Donald Trump

California ‘Ready to Fight' on Climate Issues, Governor Says

California Gov. Jerry Brown said the state will "launch its own damn satellite" if priorities for NASA shift from monitoring and studying Earth's climate

California Gov. Jerry Brown delivered an enthusiastic pep rally-style speech Wednesday in which he positioned the state as "ready to fight" Washington on climate issues.

Brown took a jab at President-elect Donald Trump and his pick to lead the Department of Energy, former Texas Gov. Rick Perry, when he spoke to an audience of scientists at the American Geophysical Union conference in San Francisco.
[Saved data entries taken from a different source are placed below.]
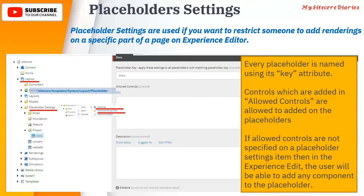In the placeholder setting, the first required field is the key — the placeholder key. Then you have 'Allowed Controls'. The controls added in 'Allowed Controls' are the only ones allowed to be added on that placeholder. For example, if this is the 'intro' placeholder and I add 'header' or 'banner' in allowed controls, only those controls will be available wherever the 'intro' placeholder is used.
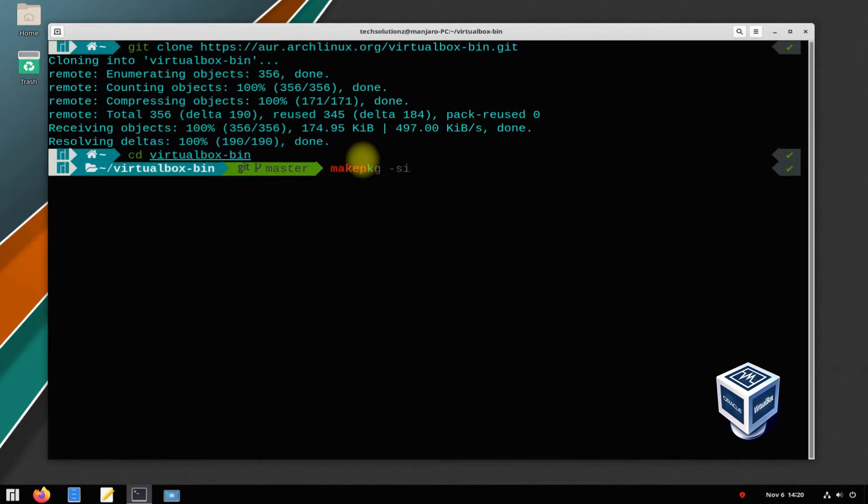Use makepkg -c command to start compiling and building the VirtualBox package for your Manjaro Linux.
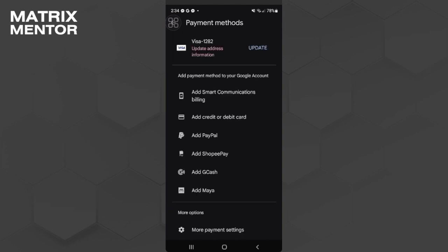And now we want to scroll down or just simply select More Payment Settings in the very bottom of the screen.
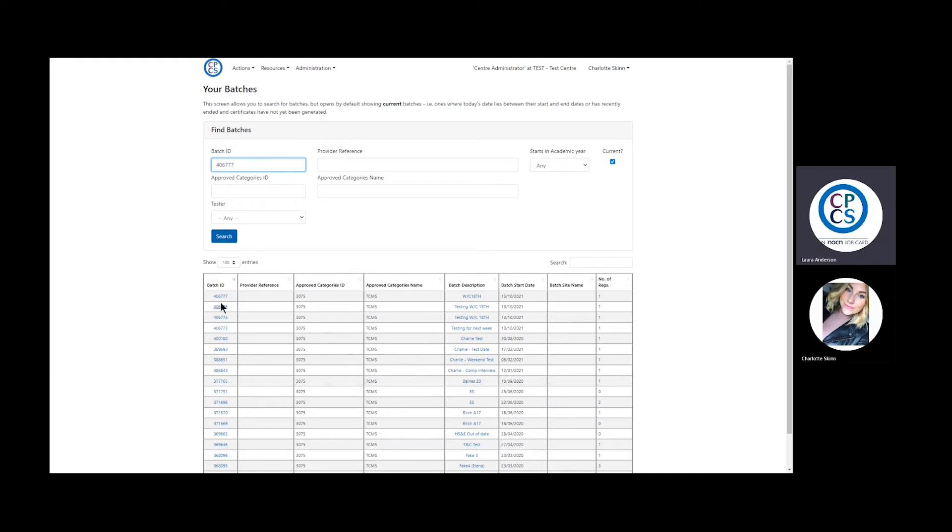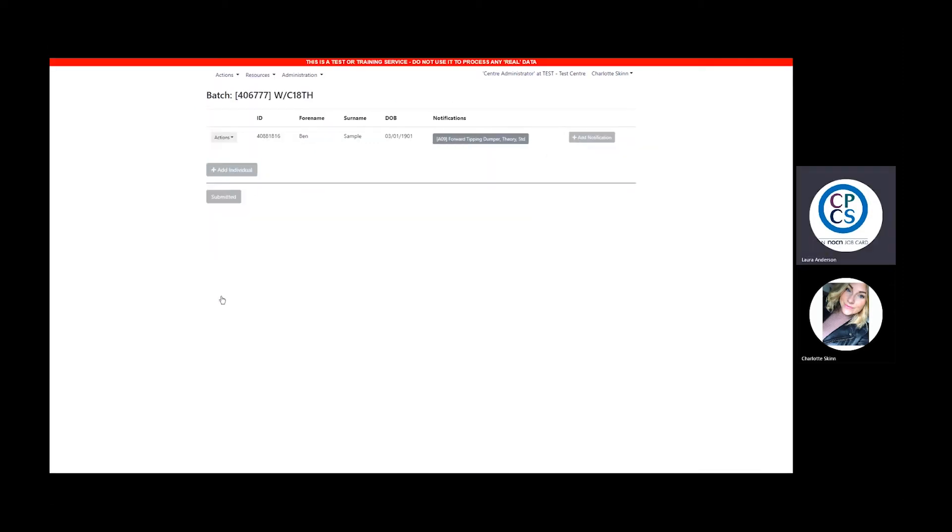Once you have found your batch, click on the Batch ID. This will then open the batch.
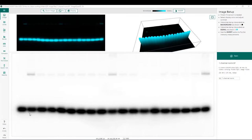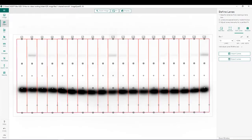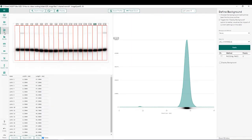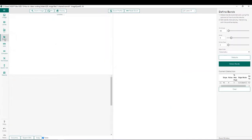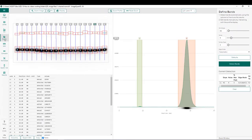Prior to normalization, we must complete the following steps: lane creation, background subtraction, and band detection. Once these are completed, we can now go to the normalization step.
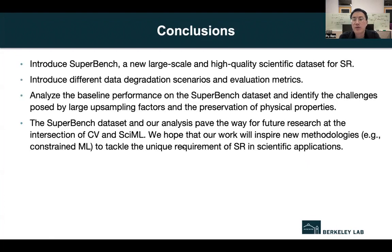To conclude, we propose SuperBench, a new large-scale and high-quality scientific dataset for super-resolution. We analyze baseline models on different data degradation schemes and evaluation metrics, and we identify the challenges for super-resolution methods in the SuperBench dataset. We hope our work can inspire new methodologies for super-resolution in scientific applications. That is all for my presentation. Thank you.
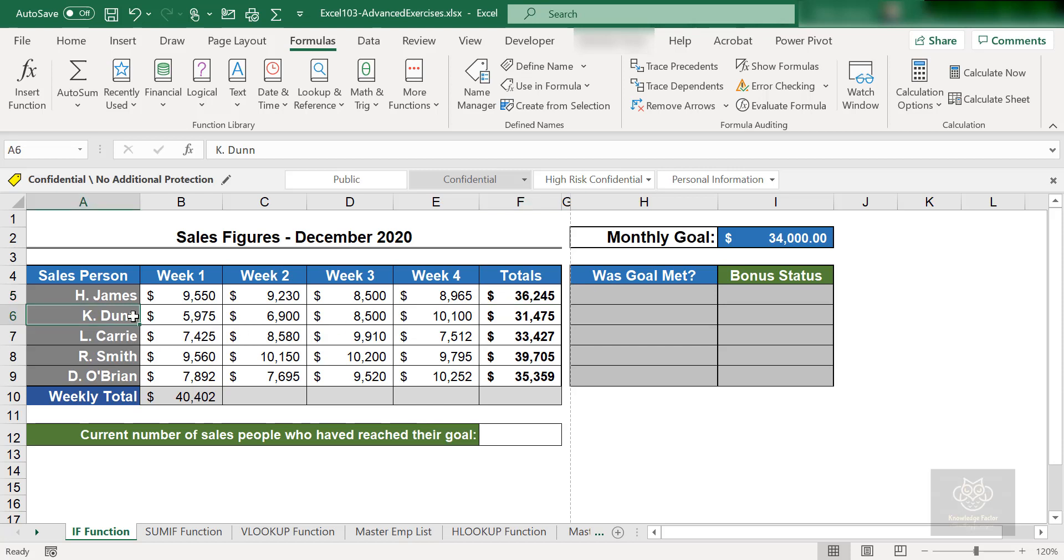K. Dunn, for K. Dunn, what is that? F6, 31,475. So F6 did not meet the goal, so no goal there.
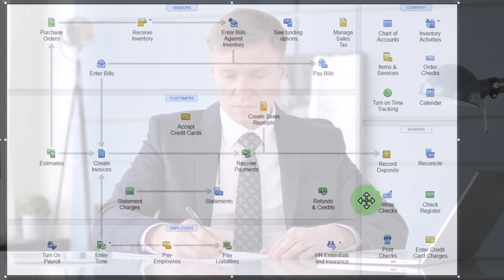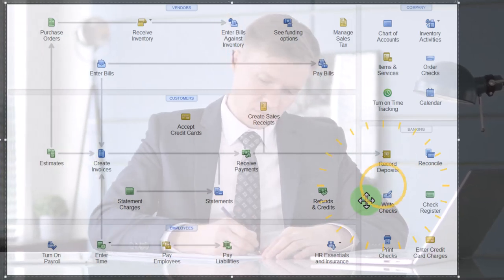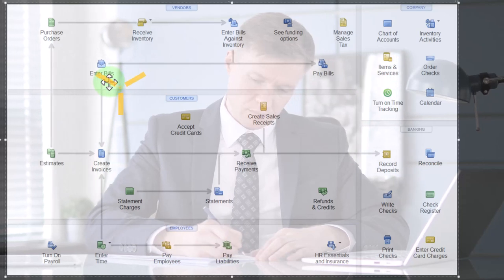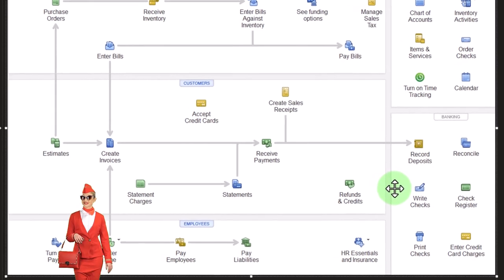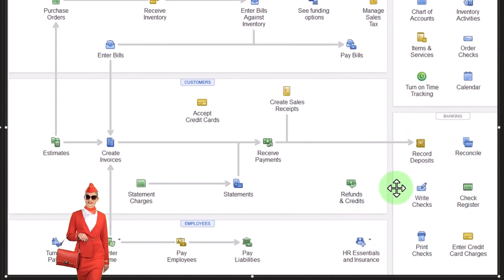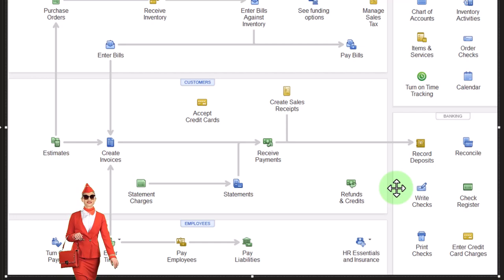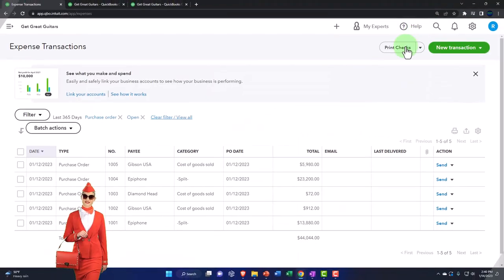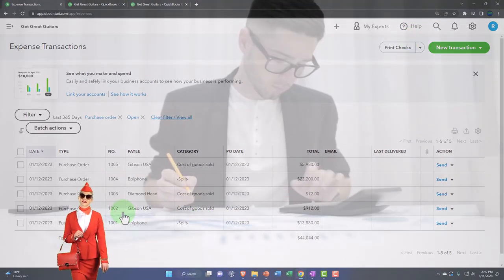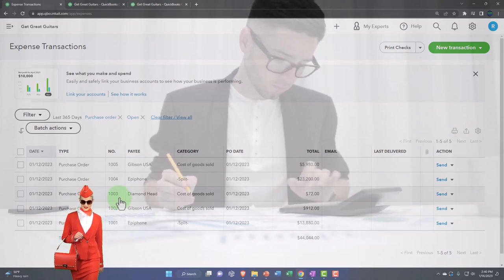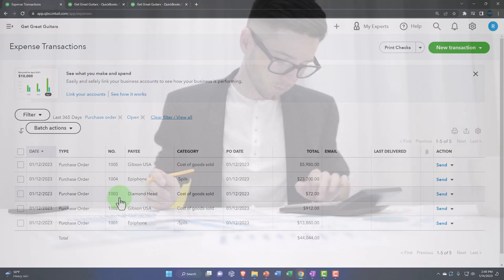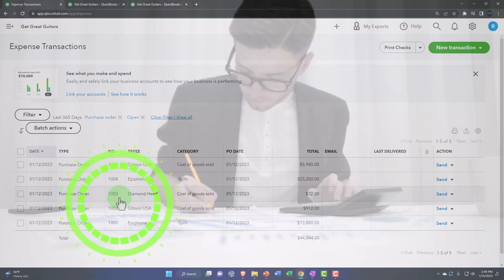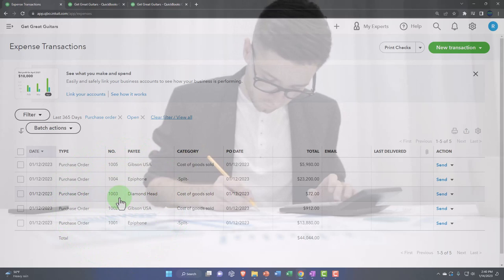Right now we're going to try to write the checks whenever we can for the first month, and then we'll switch it up when we do the second month so we can see all different kinds of transactions. We're going to go into these purchase orders and when we get the box of goods, we're going to make a bill or a check form out of it. Now also realize that if you have a larger company, you might have someone counting the inventory in a warehouse.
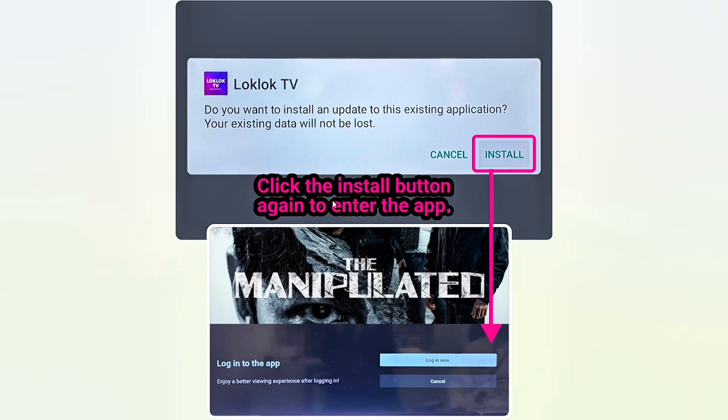From here, you will have to log in to the application. You just have to click on login now.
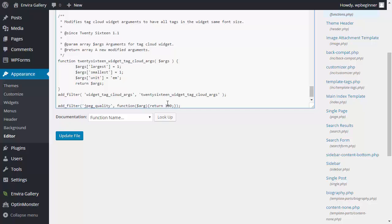Now if you're not a photographer or somebody who needs high quality photos on your website you can actually use this filter to reduce the compression even more say like 70% so you would just change this to something like 70 and that would compress the images even further.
He said California will aggressively push back on any attempts by the incoming administration to weaken policies on global climate change.

"We've got the scientists, we've got the lawyers and we're ready to fight," Brown said. "If Trump turns off the satellites, California will launch its own damn satellite."

Brown, who has embraced the "Governor Moonbeam" nickname given to him by a newspaper columnist in the 1970s, was referring to satellites used to monitor and study Earth's climate. Trump has not said much on the subject of earth-observing satellite programs, but two space policy advisors suggested in a pre-election op-ed piece about plans for NASA that priority would be given to "deep-space activities rather than Earth-centric work."

Trump has voiced mixed signals on whether or how he will try to slow Earth's warming temperatures and rising sea levels, which a federal report said this week is in overdrive in the Arctic. He's tweeted that climate change a Chinese hoax, but in a television interview last week the New York billionaire said he was still "studying" the Paris climate pact to determine whether to pull the U.S. out, as he threatened during the campaign.

When asked about the science of climate change, Trump said, "I'm still open-minded. Nobody really knows."

Since he was elected, Trump has met with prominent climate activists Al Gore, the former vice president, and Leonardo DiCaprio. He's suggested his daughter Ivanka, a close adviser, has a particular interest in the issue and could be his envoy. But he has also tapped oil industry champions for his Cabinet, men who say they're determined to reverse President Barack Obama's efforts to rein in emissions.

California has long been at the forefront of environmental policy, enacting some of the most aggressive standards in the nation. Earlier this year, Brown extended the nation's most ambitious climate change law by 10 years. It expands on California's landmark 2006 law, which set a target of reducing greenhouse gas emissions to 1990 levels by 2020. 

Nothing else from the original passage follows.